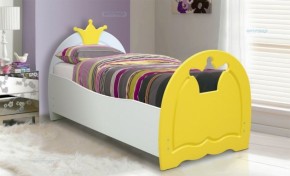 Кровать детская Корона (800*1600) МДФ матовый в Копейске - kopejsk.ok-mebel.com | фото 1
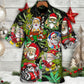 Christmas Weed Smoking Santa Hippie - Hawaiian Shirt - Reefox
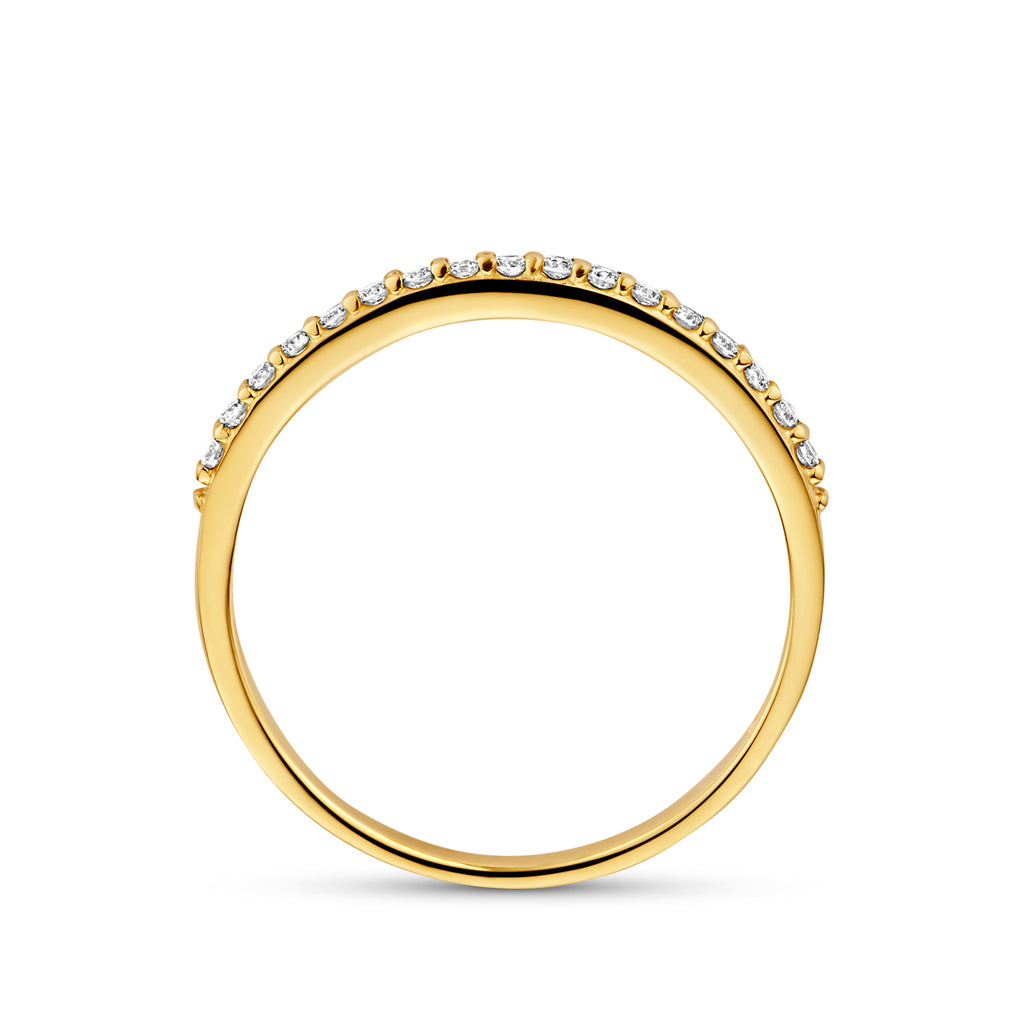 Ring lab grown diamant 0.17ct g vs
---
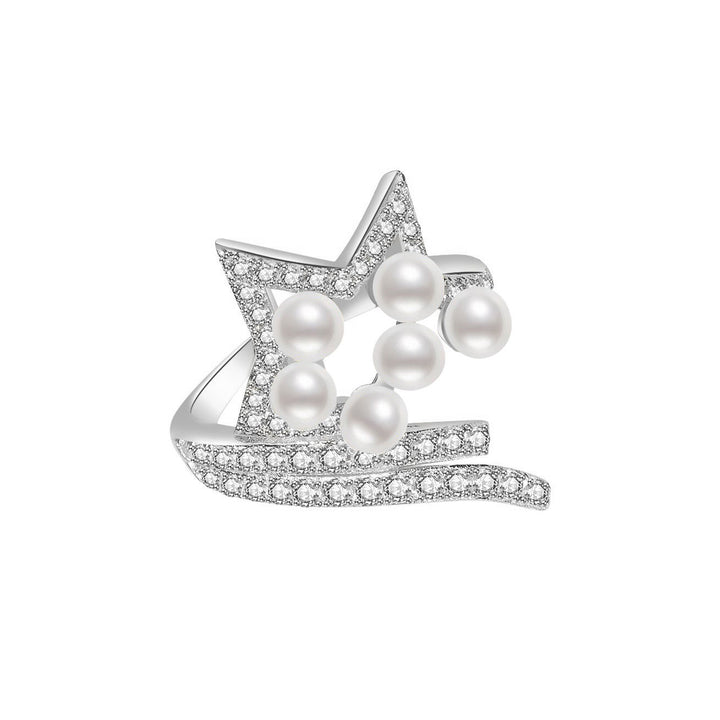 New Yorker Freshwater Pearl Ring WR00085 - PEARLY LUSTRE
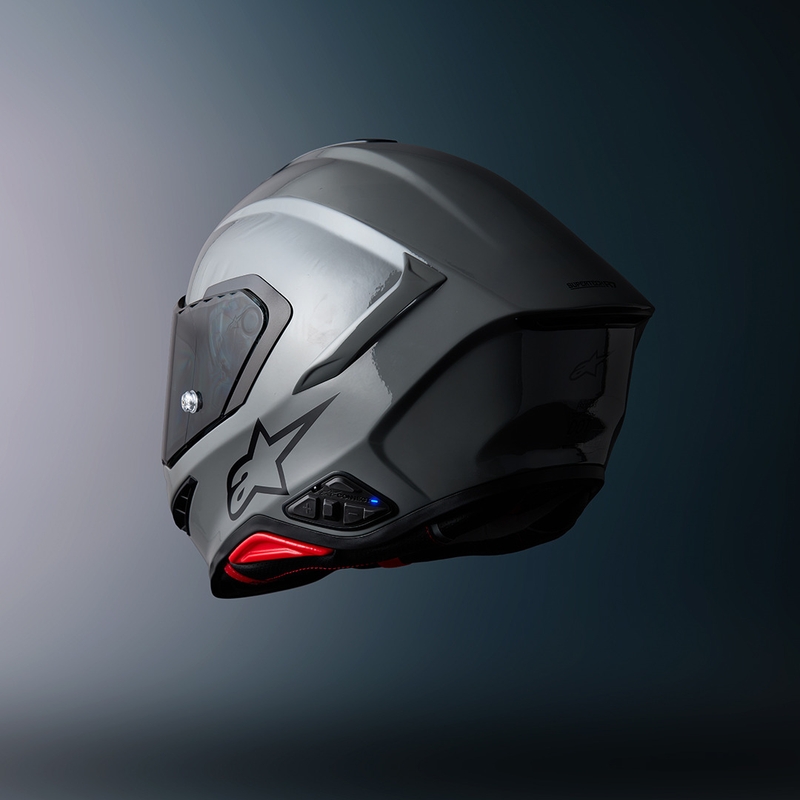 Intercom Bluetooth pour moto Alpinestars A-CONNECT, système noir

**REQUIREMENT**
No picture is to be printed. Output exactly the lines above from the line containing "Кровать детская Корона" through the line containing "Ring lab grown diamant 0.17ct g vs".

**ANSWER FOR THE TASK**
 Кровать детская Корона (800*1600) МДФ матовый в Копейске - kopejsk.ok-mebel.com | фото 1
 Christmas Weed Smoking Santa Hippie - Hawaiian Shirt - Reefox
 Ring lab grown diamant 0.17ct g vs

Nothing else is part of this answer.